As for air flow and temperature, if the air flow approaches zero, the temperature approaches infinity. In practical terms, slow down the air enough and you can get to any temperature you want. Still, a little whisper of air isn't going to heat 4 square inches of board and a great huge blast of air is going to blow surface mount components right off the board. It's a matter of balance.

What doesn't matter is the difference between 450 C and 500 C. Both of those are not necessary.

 

And trust me.. Getting anywhere close to 450-500deg C and you will be watching the plastic housing on the handles of those units just melting in front of your eyes..

 

/snip
What doesn't matter is the difference between 450 C and 500 C. Both of those are not necessary.

Although 450-500C might not make much of a difference, temperatures this high can be useful. Desoldering operations on large or metallic connectors and even surface mount parts with lots of thermal contact can make the desoldering process difficult. Higher temperature, shorter duration, lower airflow reduces heat wicking to unwanted portions of the board while removing, say, a damaged TO-263 FET. For large connectors (think, long double row headers), I've rarely found I can have too much heat to get from one side of a large header to another all while keeping the solder in liquid form.

And trust me.. Getting anywhere close to 450-500deg C and you will be watching the plastic housing on the handles of those units just melting in front of your eyes..
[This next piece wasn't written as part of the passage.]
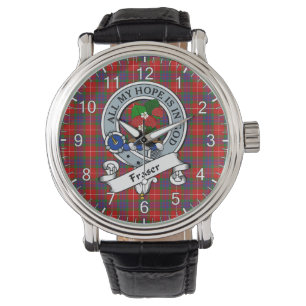Relógio Eterno Clã Clã Fraser Crachá Tartan Watch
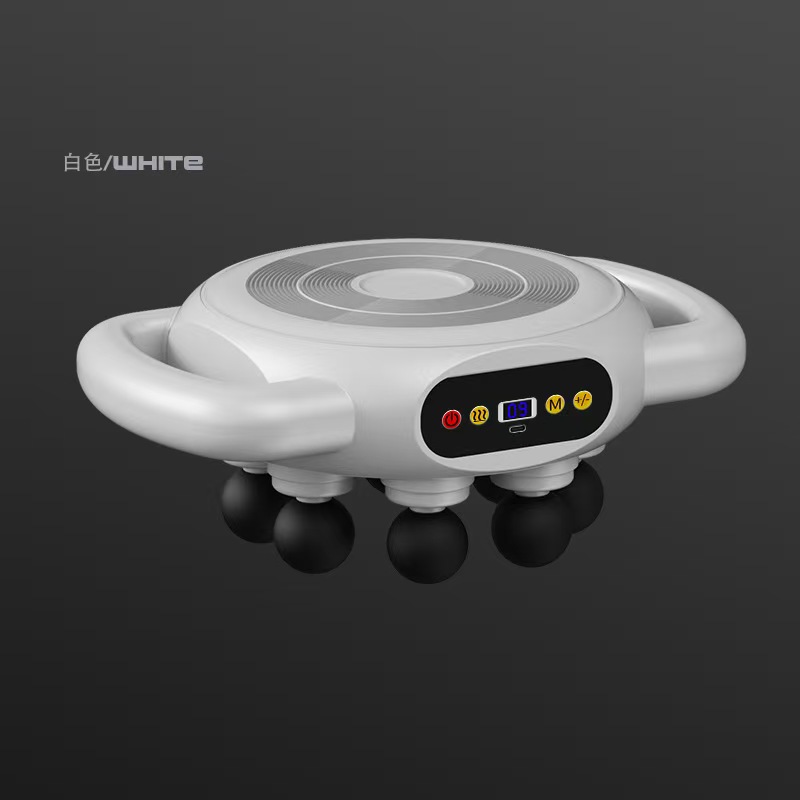 Cross-border multi-speed fascia instrument, eight-head heated fascia gun, multi-functional abdominal, shoulder and neck massage gun, muscle relaxation massage details Picture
I have a overseas brand reflow gun (Aoyue) much like what has been suggested so far. It has a max setpoint of 480C and I have yet to see any type of melting while regularly operating at this setpoint.

 

temperatures this high can be useful

I did not know that.
I know I romp my Weller 250 as hot as it will go when soldering a ground to the steel case of a Fender amplifier. That's a lot of steel, but I couldn't imagine taking a circuit board to 450C when 350C is more than enough to melt the solder. A circuit board just doesn't wick heat like steel does.

So, thanks for the information. The present scenario exceeded my ability to imagine what the limits are.

 

I did not know that.
...I couldn't imagine taking a circuit board to 450C when 350C is more than enough to melt the solder.

The air temp has to be quite a bit higher than the board temp, to drive heat from the air to the board. With an iron, most heat transfer is by conduction. With moving air, it's primarily convection. That's a much less effective heat conduit, so you need a much larger ∆T to quickly move the heat.

 

Just be careful with reasoning. Heat is not temperature.

 

I also use an ox-acetylene torch which is obviously hotter than necessary. That is a gas transfer of heat, but the heat wicking by the copper pipes is the reason. (You can't braze copper larger than 3/4 inch with a turbo-torch.) I didn't think a circuit board would present much of a heat wicking problem, but I can imagine why "fast" would be important.